Additionally, according to a study from business services firm Deloitte, the growing, distribution, increased tourism and business taxes resulting from the legalization of marijuana will amount to between $12.7 billion to $22.6 billion annually. The marijuana sales will most likely be close to or larger than the hard liquor sales in Canada, giving our economy a much-needed boost.
Lastly, the growing of cannabis plants takes a toll on the environment, according to a study published by the California Department of Fish and Wildlife in 2015. Researchers looked at outdoor marijuana grow-ops and greenhouses, concluding that “weed cultivation [is] excessively diverting water from creeks that are home to threatened salmon populations” (CTV News, 2018). The legalization of marijuana in Canada has long-lasting effects on all aspects of Canada’s identity: political, social, economic, and environmental. Although there are benefits, such as a boosted economy, there are many disadvantages as well, such as environmental pollution and increased drug use in youth.
I believe that this event moves us towards Prime Minister Trudeau’s idea of a “postnational” state, the idea that “there is no core identity, no mainstream in Canada,” (Vancouver Sun, 2016). There has been a lot of controversy around the legalization of marijuana, the citizens of Canada all holding different opinions about whether or not the laws should be changed.

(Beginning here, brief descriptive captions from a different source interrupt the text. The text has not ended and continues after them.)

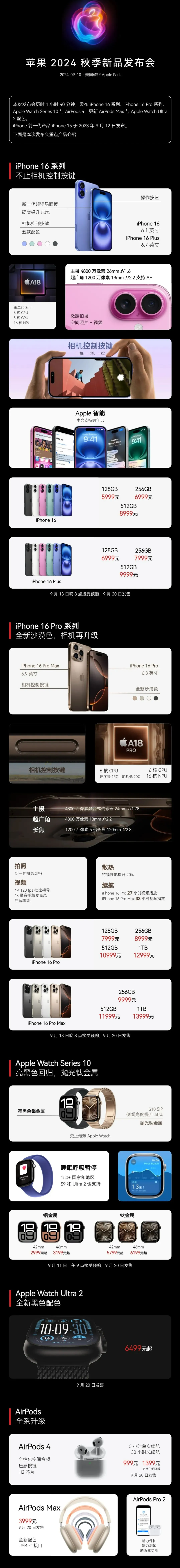 安泽苹果手机维修分享iPhone 16 / Pro 登场、手表耳机齐换代 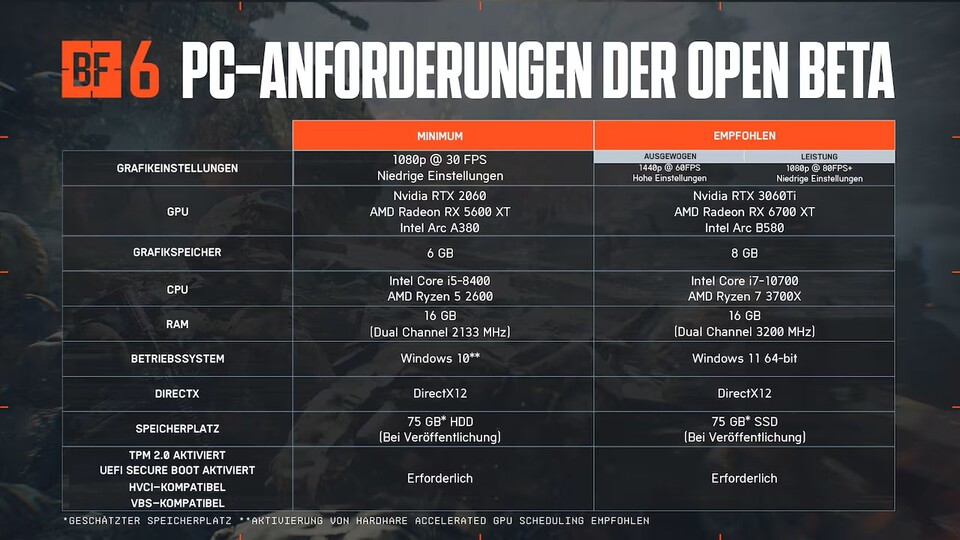 Bereits mit einer RTX 2060 könnt ihr die Beta spielen, allerdings nur mit niedrigen Grafikeinstellungen.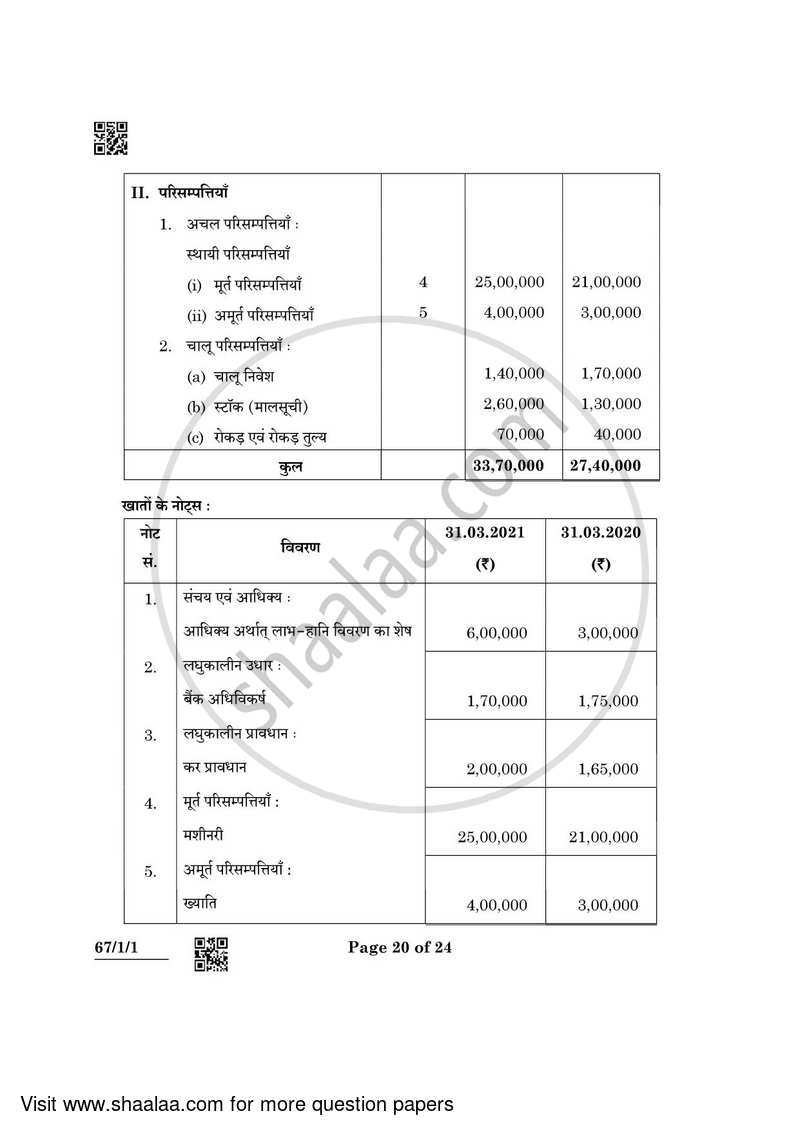 Accountancy 2021-2022 - CBSE 12th - Class 12 - CBSE (Central Board of Secondary Education) question paper with PDF download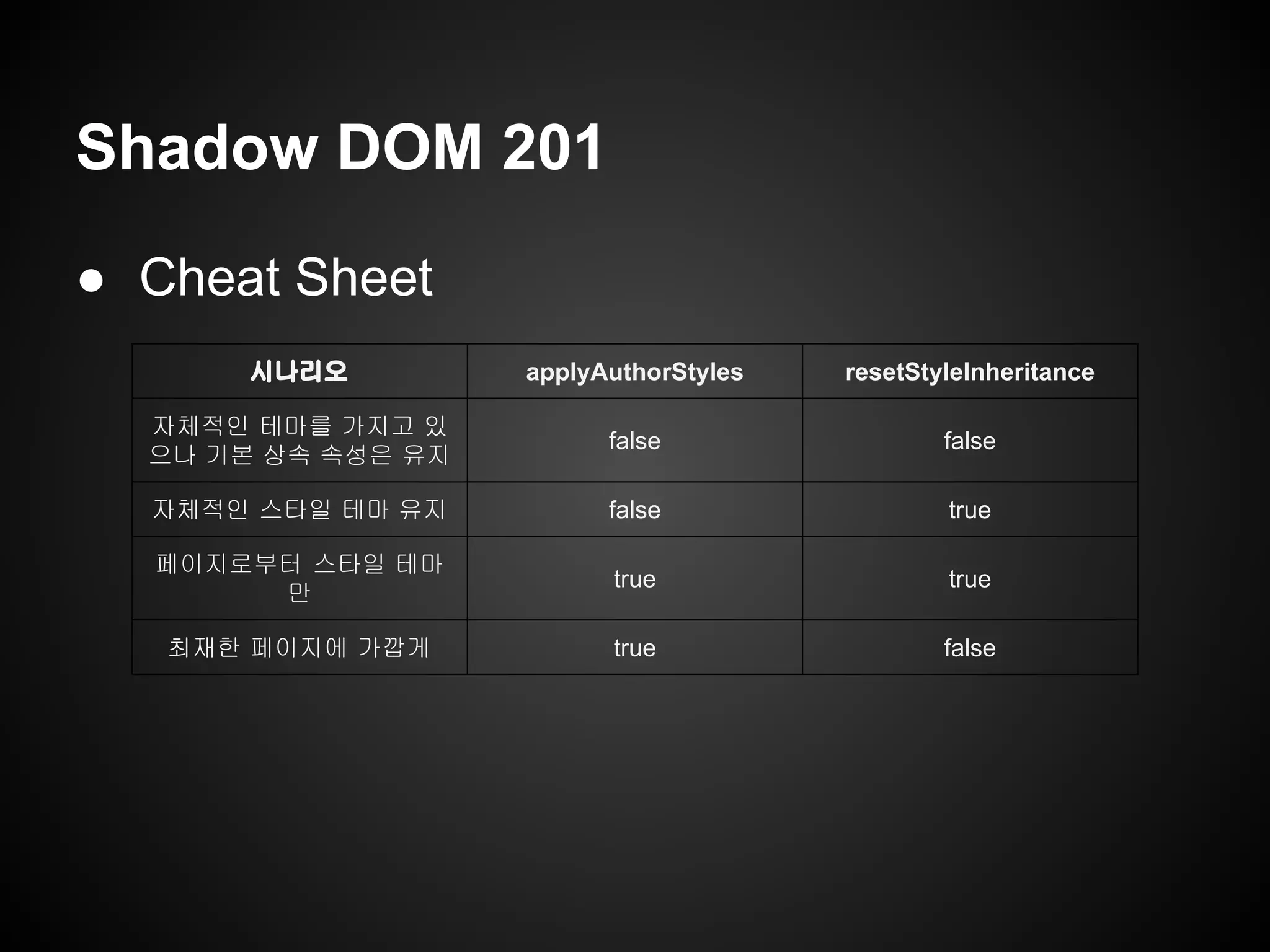 Shadow DOM 201
● Cheat Sheet
시나리오 applyAuthorStyles resetStyleInheritance
자체적인 테마를 가지고 있
으나 기본 상속 속성은 유지
false false
자체적인 스타일 테마 유지 false true
페이지로부터 스타일 테마
만
true true
최재한 페이지에 가깝게 true false
 
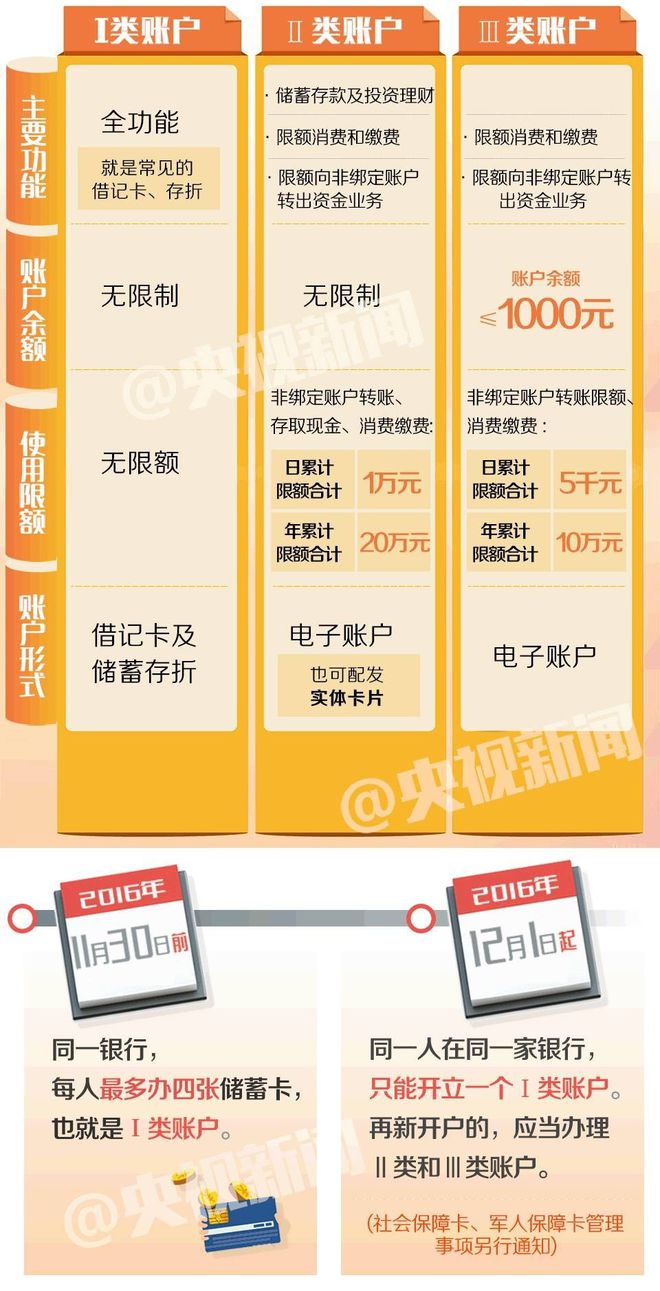 关于销户口的问题_双户口销户有关规定_户口销户麻烦吗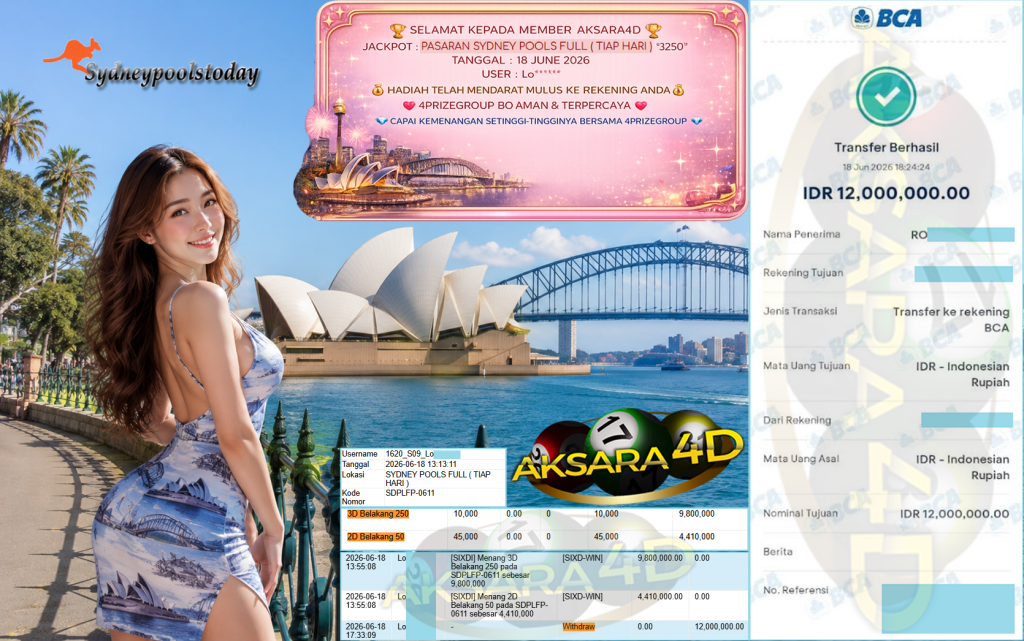 AKSARA4D JACKPOT PASARAN ” SYDNEY POOLS FULL ( TIAP HARI ) ” 3250 ” ” Rp 12,000,000,- LUNAS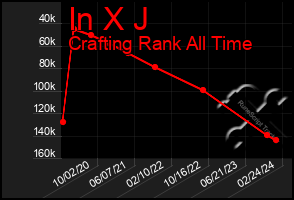 Total Graph of In X J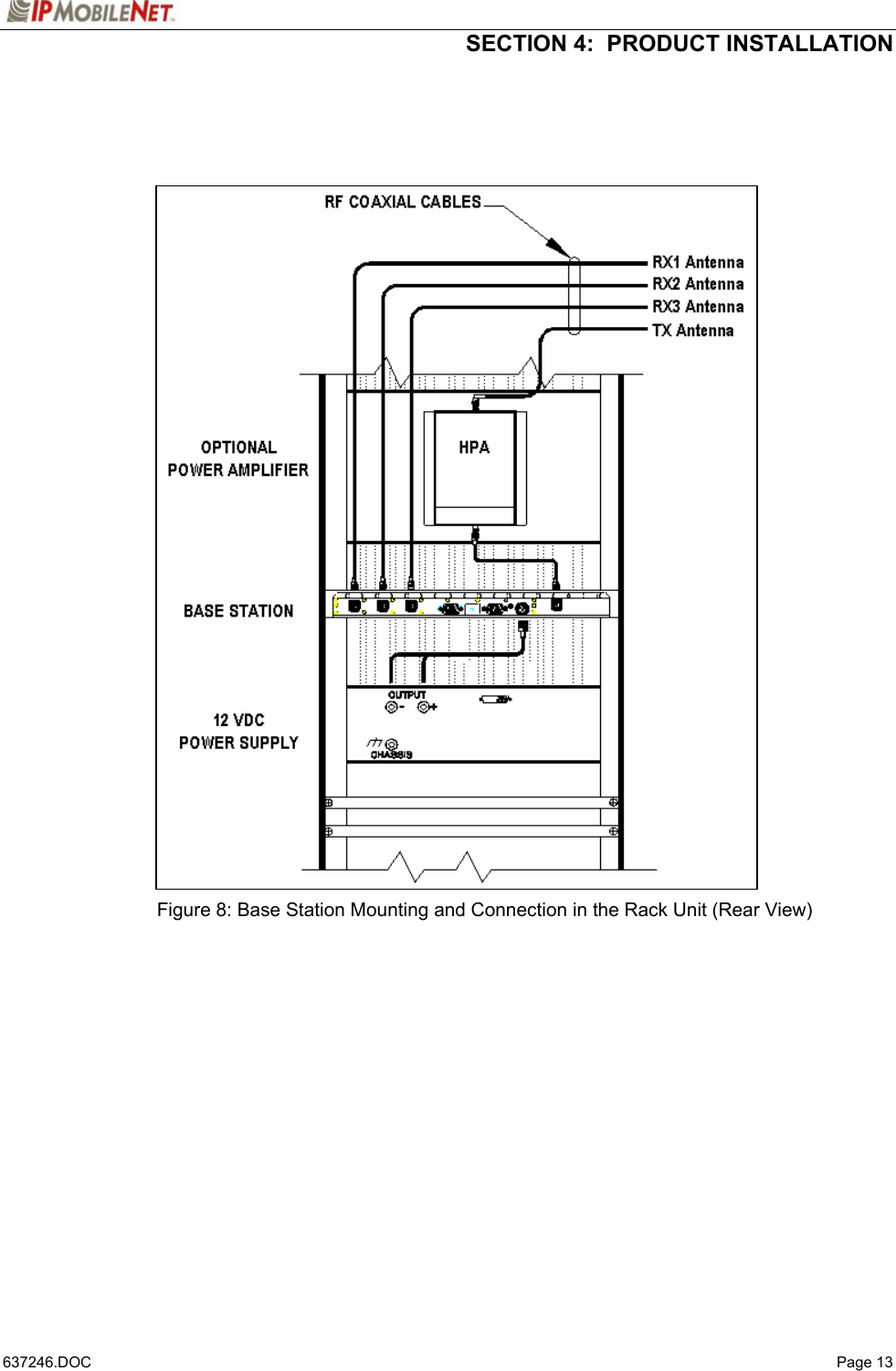  SECTION 4:  PRODUCT INSTALLATION   637246.DOC   Page 13                                      Figure 8: Base Station Mounting and Connection in the Rack Unit (Rear View)  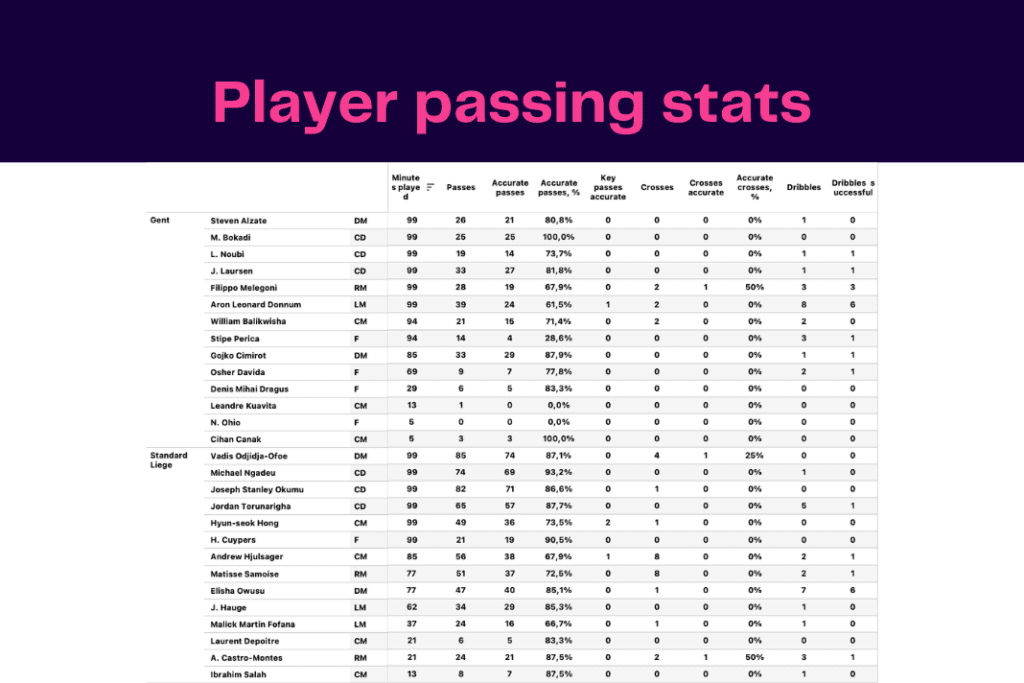Jupiler Pro League 2022/23: Gent vs Liège - data viz, stats and insights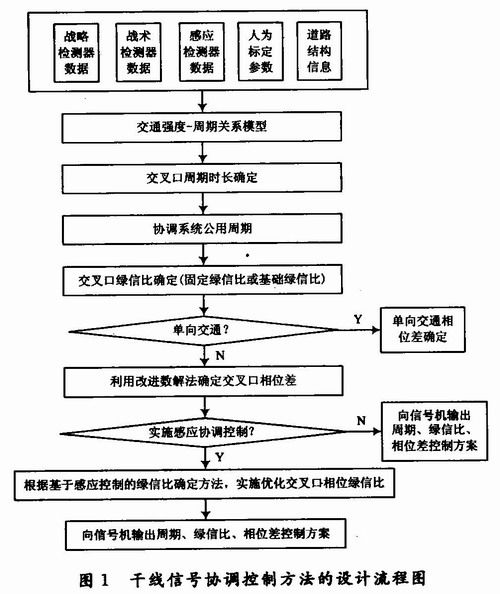 沈阳市人口的平均寿命_沈阳的人口(2)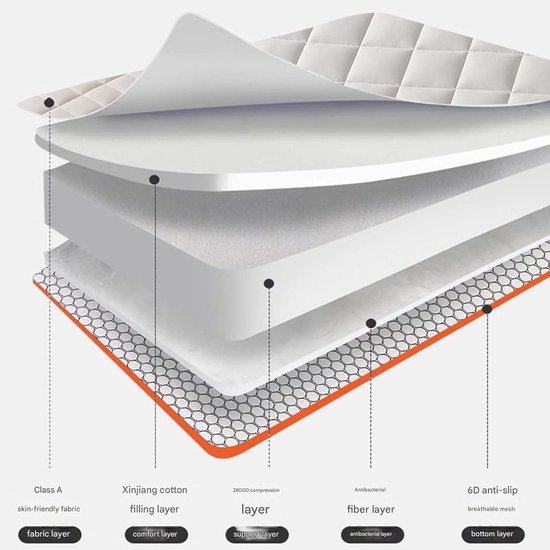 Opvouwbaar Matras - Vloermat Gastenmatras - Comfortabel Slapen - Traagschuim Vulling - 90 x 200 cm - Grijs — afbeelding 3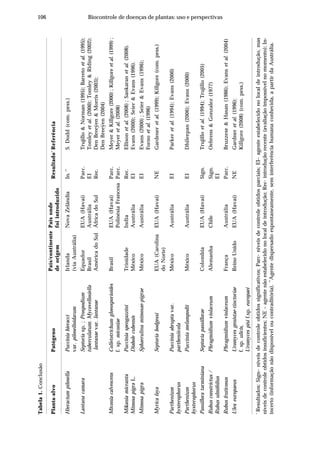 106 Biocontrole de doenças de plantas: uso e perspectivas
Planta-alvoPatógeno
País/continentePaísonde
Resultado*
Referência
deorigemfoiintroduzido
HieraciumpilosellaPucciniahieracciIrlandaNovaZelândiaIn.**
S.Dodd(com.pess.)
var.piloselloidarum(viaAustrália)
LantanacamaraSeptoriasp.;ProspodiumEquadorEUA(Havaí)Parc.Trujillo&Norman(1995);Barretoetal.(1995);
tuberculatum;MycovellosiellaBrasilAustráliaEITomleyetal.(2000);Tomley&Riding(2002);
lantanaevar.lantanaeAméricadoSulÁfricadoSulRec.DenBreeÿen&Morris(2003);
DenBreeÿen(2004)
MiconiacalvescensColletotrichumgloeosporioidesBrasilEUA(Havaí)Parc.Meyer&Killgore(2000);Killgoreetal.(1999);
f.sp.miconiaePolinésiaFrancesaParc.Meyeretal.(2008)
MikaniamicrantaPucciniaspengazziniTrinidadeIndiaRec.Ellisonetal.(2008);Sankaranetal.(2008).
MimosapigraL.DiabolecubensisMéxicoAustráliaEIEvans(2000);Seier&Evans(1996).
MimosapigraSphaerulinamimosae-pigraeMéxicoAustráliaEIEvans(2000);Seier&Evans(1996);
Fornoetal.(1996)
MyricafayaSeptoriahodgessiEUA(CarolinaEUA(Havaí)NEGardeneretal.(1999);Killgore(com.pess.)
doNorte)
PartheniumPucciniaabruptavar.MéxicoAustráliaEIParkeretal.(1994);Evans(2000)
hysterophoruspartheniicola
PartheniumPucciniamelampodiiMéxicoAustráliaEIDhileepan(2006);Evans(2000)
hysterophorus
PassifloratarminianaSeptoriapassifloraeColombiaEUA(Havaí)Sign.Trujilloetal.(1994);Trujillo(2005)
Rubusconstrictus/PhragmidiumviolaceumAlemanhaChileSign.Oehrens&Gonzalez(1977)
RubusulmifoliusEI
RubusfruticosusPhragmidiumviolaceumFrançaAustráliaParc.Bruzzese&Hasan(1986);Evansetal.(2004)
UlexeuropaeusUromycesgenistae-tinctoriaeReinoUnidoEUA(Havaí)NEGardneretal.(1996);
f.sp.ulicis,Killgore(2008)(com.pess.)
Uromycespisif.sp.europaei
*
Resultados:Sign–níveisdecontroleobtidossignificativos;Parc-níveisdecontroleobtidosparciais;EI–agenteestabelecidonolocaldeintrodução,mas
níveisdecontroleobtidosinsuficientes;NE–agentenãoestabelecidonolocaldeintrodução;Rec-introduçãorecente(avaliaçãoimpossívelnomomento);In-
incerto(informaçãonãodisponíveloucontraditória).**
Agentedispersadoespontaneamente,seminterferênciahumanaconhecida,apartirdaAustrália.
Tabela1.Conclusão
 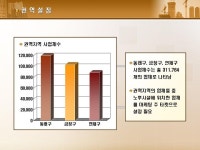 아파트형 공장 사업계획서 | 비즈폼 - 샘플,양식 다운로드 아파트형 공장 사업계획서 샘플, 양식 다운로드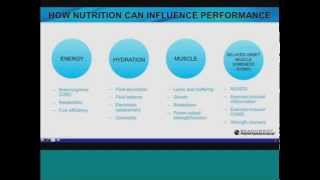 Why I Believe In THESE Supplements - Beachbody Performance line overview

The fact that there has been so much disagreement about this single topic is evidence that Canada is a place of diverse people, with diverse opinions; we are not a nation with the same beliefs and ideals. Similarly, there is no value in trying to define a specific Canadian identity. We are all different, there’s no single concept or belief that ties each and every one of us together. Religious/political beliefs and overall opinions differ from person to person, therefore proving that Canada does not have a specific identity, nor does it need to.